Authorize AWS Using External ID¶
-
Click to proceed with authorization, enter the console.
-
Select IAM
2.1 In the left sidebar, select Roles, and click Create role:
2.2 In Step 1 > Select trusted entity, choose Custom trust policy:
{
"Version": "2012-10-17",
"Statement": [
{
"Sid": "Statement1",
"Effect": "Allow",
"Principal": {
"AWS": "arn:aws-cn:iam::<Authorized Account ID>:user/<Username>"
},
"Action": "sts:AssumeRole",
"Condition": {
"StringEquals": {
"sts:ExternalId": "<External ID>"
}
}
}
]
}
Warning
When configuring the custom trust policy, you need to fill in Guance's AWS ID and username information.
The actual information to be filled in (this is a fixed configuration): arn:aws-cn:iam::588271335135:user/guance-s3-bakcuplog
2.3 Click Next, in Step 2 > Add permissions, click Create policy:
2.3.1 In Create policy > Specify permissions > Policy editor, enter the following content:
{
"Version": "2012-10-17",
"Statement": [
{
"Sid": "Statement1",
"Effect": "Allow",
"Action": [
"s3:PutObject",
"s3:GetObject",
"s3:ListBucket"
],
"Resource": [
"arn:aws-cn:s3:::<bucket name>",
"arn:aws-cn:s3:::<bucket name>/*"
]
}
]
}
2.3.2 In Review and create > Policy details > Policy name, enter a name to identify this policy, and save the permissions:
2.4 Return to the Create role interface, click , and the permissions created in the previous step will appear.
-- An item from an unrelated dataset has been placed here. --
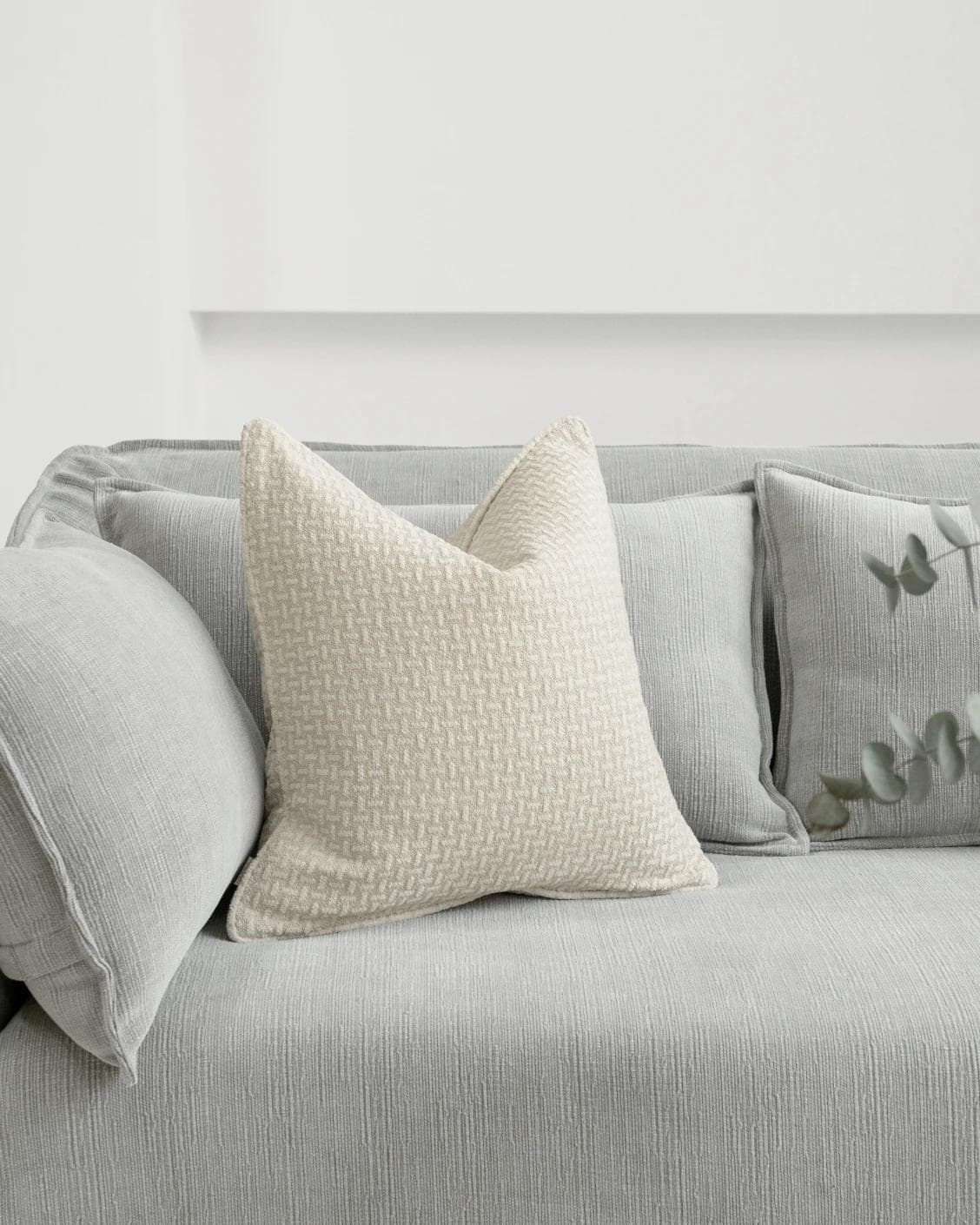 Gigi Laurent cushion in ivory, shown in a lifestyle front view as image 2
Select the permissions:
2.5 Enter Step 3 > Name, review, and create > Role detailed name > Role name, fill in the Role name to identify this role, click Create role to complete the authorization. This role name is the AWS Role Name you choose under AWS S3 > Role Authorization > Fill in Archive Information.